─── DATASET RECORDS
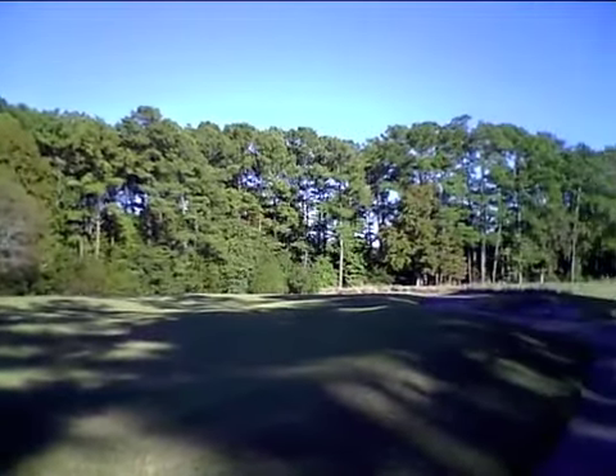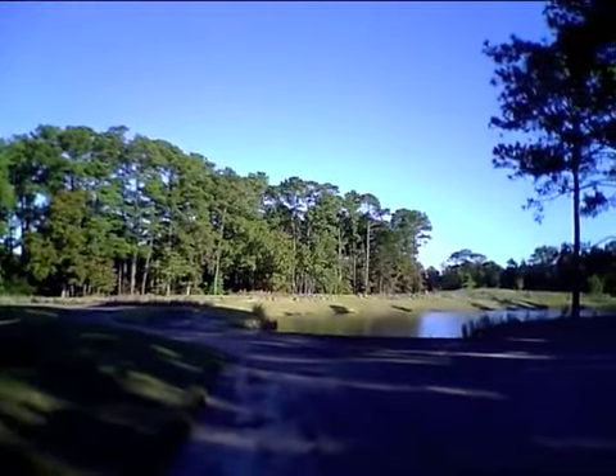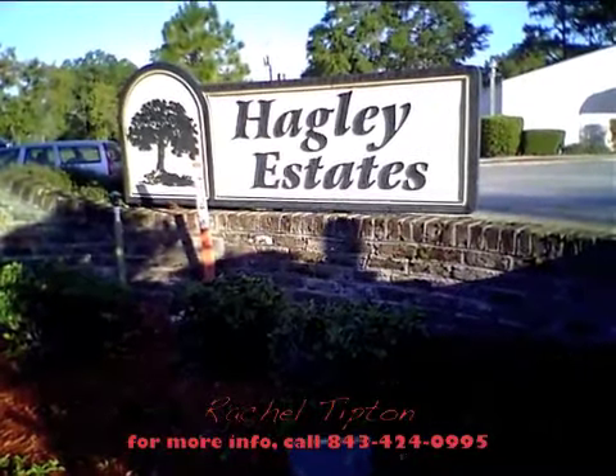It is a choice residential neighborhood with a variety of homes ranging from sprawling estates to modest and very affordable homes. It is a locals' gem hidden amongst the gorgeous live oaks and hanging moss back in the woods of Pauley's.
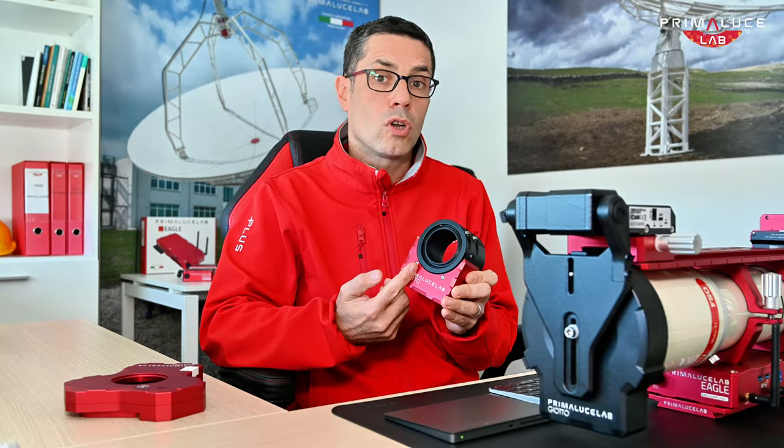Another question I often get is: why choose Esatto over other focusers, like the ones that come standard with the telescope? The Esatto combines high precision with great stability and it's fully electronic, which means it's also perfect for remote operation. Imagine you're capturing a target in a completely different location — maybe you've set up your system in a remote observatory, or you are working from a site that you can't easily access. The Esatto allows you to control and adjust focus without touching the telescope, avoiding vibrations and ensuring your image stays perfectly in focus. Plus, with our PLAY software, Esatto integrates seamlessly, so you have total control of your setup, including focus, rotation and calibration.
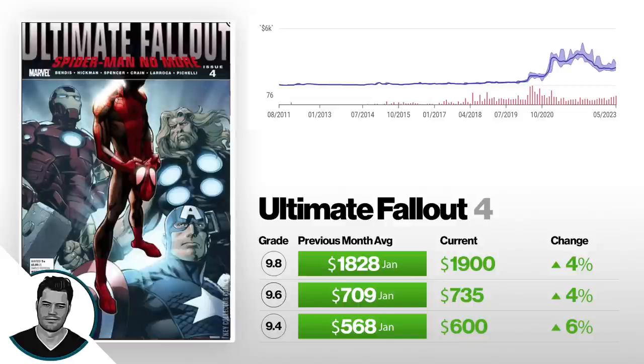Next, we've got Ultimate Fallout #4 — this is the first appearance of Miles Morales. A 9.4 is up 6% from the beginning of the year at $568, now selling for $600. A 9.6 is up 4% from $799 to $735. And a 9.8 is up 4% from the beginning of the year at $1,828, now selling for $1,900. If you look at the graph, it obviously started shooting up during the boom, then it came down, then kind of stopped. For the last six months, since pretty much January, it's been pretty much flat — 4%, 6% up is not very much. It's like a rounding error, so not really up across the board.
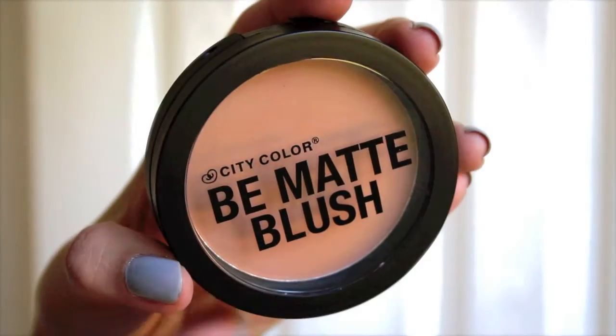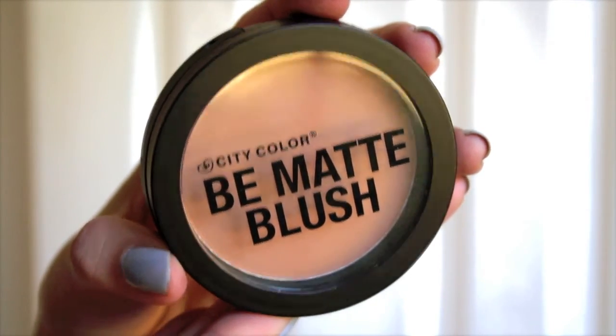But I found something really affordable from the drugstore — I believe it was under $10 — and it's from City Color Cosmetics. It's their be matte blush. Look how huge this thing is! It's in the shade toasted coconut, so it's pretty much the exact same color, except that it's matte.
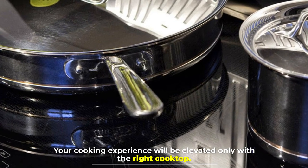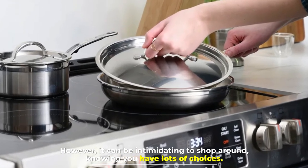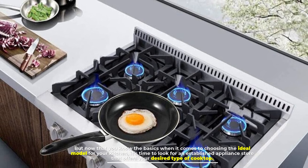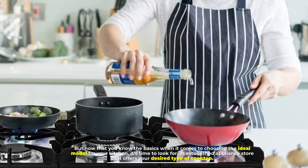Your cooking experience will be elevated only with the right cooktop. However, it can be intimidating to shop around knowing you have lots of choices. But now that you know the basics when it comes to choosing the ideal model for your kitchen, it's time to look for an established appliance store that offers your desired type of cooktop.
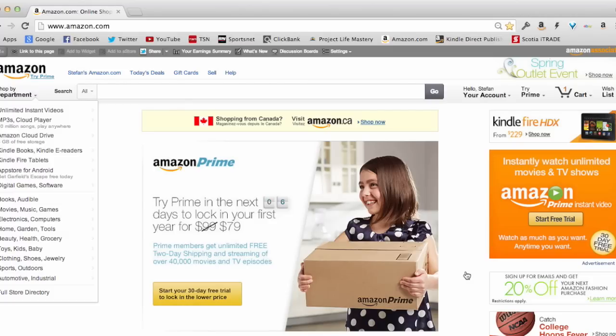Right now I'm going to go into Kindle Publishing, which is one of the methods that I use to make money online.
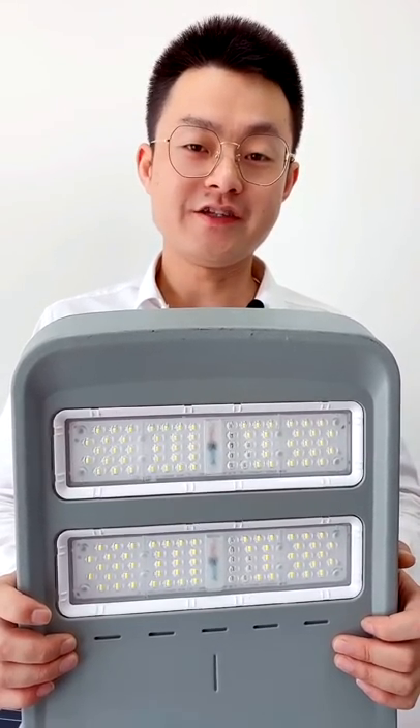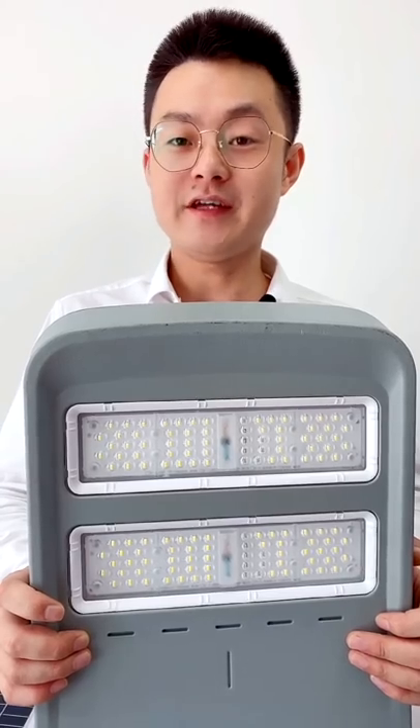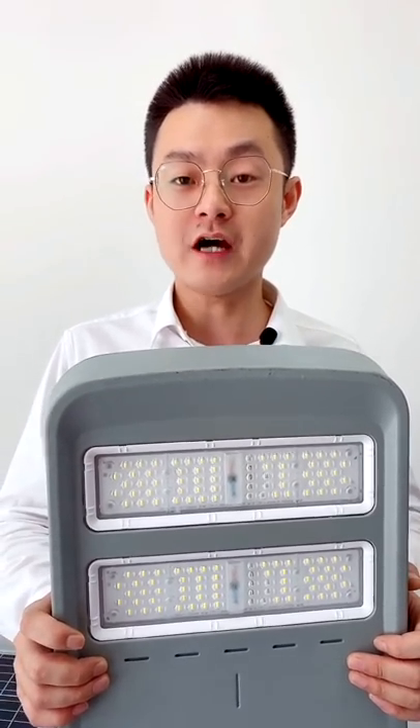Luminous top advanced LED chips are built into a good heat dispersion aluminium heat sink, which can ensure the lifespan of our LED lamp over 50,000 hours. For further inquiry and details, please contact us.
──────
Where the data includes pictures, leave them out and write out everything else exactly.

It is a choice residential neighborhood with a variety of homes ranging from sprawling estates to modest and very affordable homes. It is a locals' gem hidden amongst the gorgeous live oaks and hanging moss back in the woods of Pauley's.
Another question I often get is: why choose Esatto over other focusers, like the ones that come standard with the telescope? The Esatto combines high precision with great stability and it's fully electronic, which means it's also perfect for remote operation. Imagine you're capturing a target in a completely different location — maybe you've set up your system in a remote observatory, or you are working from a site that you can't easily access. The Esatto allows you to control and adjust focus without touching the telescope, avoiding vibrations and ensuring your image stays perfectly in focus. Plus, with our PLAY software, Esatto integrates seamlessly, so you have total control of your setup, including focus, rotation and calibration.
Next, we've got Ultimate Fallout #4 — this is the first appearance of Miles Morales. A 9.4 is up 6% from the beginning of the year at $568, now selling for $600. A 9.6 is up 4% from $799 to $735. And a 9.8 is up 4% from the beginning of the year at $1,828, now selling for $1,900. If you look at the graph, it obviously started shooting up during the boom, then it came down, then kind of stopped. For the last six months, since pretty much January, it's been pretty much flat — 4%, 6% up is not very much. It's like a rounding error, so not really up across the board.
But I found something really affordable from the drugstore — I believe it was under $10 — and it's from City Color Cosmetics. It's their be matte blush. Look how huge this thing is! It's in the shade toasted coconut, so it's pretty much the exact same color, except that it's matte.
Your cooking experience will be elevated only with the right cooktop. However, it can be intimidating to shop around knowing you have lots of choices. But now that you know the basics when it comes to choosing the ideal model for your kitchen, it's time to look for an established appliance store that offers your desired type of cooktop.
Right now I'm going to go into Kindle Publishing, which is one of the methods that I use to make money online.
Luminous top advanced LED chips are built into a good heat dispersion aluminium heat sink, which can ensure the lifespan of our LED lamp over 50,000 hours. For further inquiry and details, please contact us.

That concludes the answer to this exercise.